One of the best things in the movie is the action direction who was directed by Brazillian director Jose Padilha of Elite Squad fame. Sticking true to his cinematic roots of the various set pieces are fast paced with many quick cuts. It gives you the same visceral quality as Elite Squad, but the gratuitous gore have been toned down to get a more financially viable PG-13 rating.

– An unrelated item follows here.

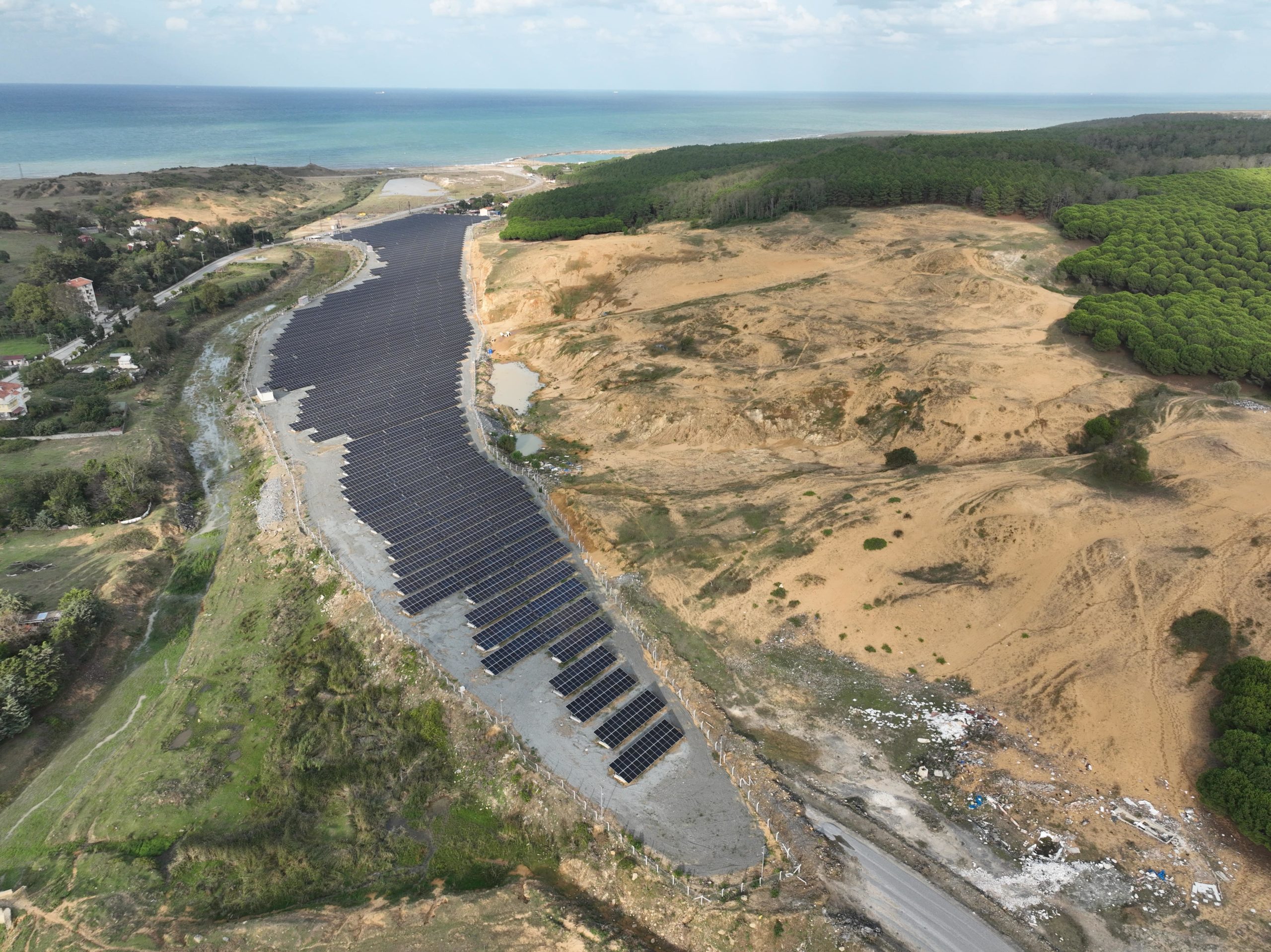 Enerjisa Enerji’nin Eyüpsultan’da kurduğu GES 2 bin 198 hanenin enerjisini üretecek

Another quality part of the movie is the supporting cast, as usual, Gary Oldman has a remarkable performance as Denet Norton, a scientist who threads the ethical line, and in the end exposes Omnicorp's distasteful practices to congress at the end of the movie. He views that his research should help and not hurt people. Michael Keaton does a great job as Raymond Sellars who is basically a evil version of Steve Jobs. A very marketable, yet morally ambiguous public figure. We also have Samuel L. Jackson in a small supporting role as Bill O'Reilly-esque or Chris Matthews-esque political pundit, Pat Novak. Him flipping out at the end is best monologue within the film.

I also like the subjects it touches which most of the 1987 movie's themes were there corporate corruption, the struggle between man & machine, and media control. It does modernized the mythos by adding in commentary about American foreign intervention in Iran were a ED-209 droid shoots a 13 year old kid whose armed with a knife, and suicide bombers trying to destroy the droids patrolling during a live news cast.

For the old school fans, there are some nice homages to the original. I am not going to spoil them, but when you see or hear them you'll smile. There's also some flourishes of the original's black comedy as well.

Now to the ugly parts, first thing is the pacing. This is a retooling of the Robocop series that has been modernized, but lacks the clever satire of the original movie. Instead of giving a funny but painfully true statement about American society, it beats it into your head with the subtlety of a sledgehammer. Funny enough, if Padilla wasn't on this project I'd imagine this would've (love his games through) been called Hideo Kojima's RoboCop. I would've expected Sellars to cough up a 15 minute monologue of how Corporatism is helping the country, but thankfully not before the final battle.

Many of the concepts in the movie are told through dialogue as opposed to the original’s showing via in movie TV Spots/Character actions, but then again this is a basic concept in movie making. I think this was the screenwriter’s attempt to convey the message to a younger audience but it backfired.


Finally and sadly though, Kinneman doesn't convey the pathos Peter Weller did in the 1987 iteration. What sold me on him was his face, but unfortunately Kinnaman doesn't emote the stoic presence Weller had. He does retain the slow stilted movement of the 1987 iteration had. Cornish also had a phoned in performance mostly due to her not having much characterization besides being the worried wife. This made the supposed emotional moments lack the intended impact.

Overall, it's a solid action movie that sloppily gets the point of the 1987 classic. A great supporting cast helps out a struggling lead, has some great set pieces, and themes for your average movie-goer to think about. The pacing does bog down, and the ham fisted social commentary get in the way of surpassing the original.


As a retooling it's great, but as a replacement it fails.